- _Supplied material_:
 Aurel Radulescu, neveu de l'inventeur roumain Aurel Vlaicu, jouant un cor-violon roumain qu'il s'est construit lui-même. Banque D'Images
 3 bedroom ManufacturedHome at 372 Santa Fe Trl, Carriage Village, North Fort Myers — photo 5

---

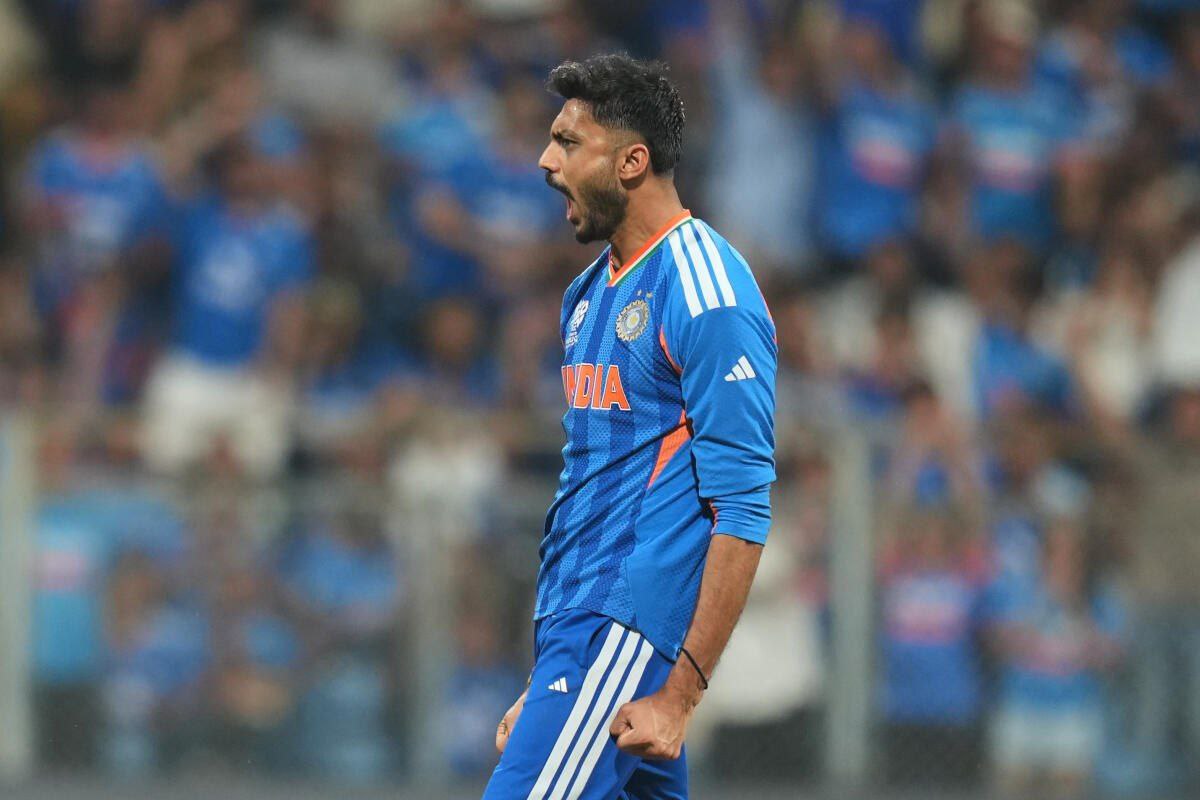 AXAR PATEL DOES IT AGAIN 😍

- _Exercise_: What you return must be an exact retyping of the lines above starting at the line with "Aurel Radulescu, neveu" and ending at the line with "3 bedroom ManufacturedHome", and nothing besides.

- _Response below_:
 Aurel Radulescu, neveu de l'inventeur roumain Aurel Vlaicu, jouant un cor-violon roumain qu'il s'est construit lui-même. Banque D'Images
 3 bedroom ManufacturedHome at 372 Santa Fe Trl, Carriage Village, North Fort Myers — photo 5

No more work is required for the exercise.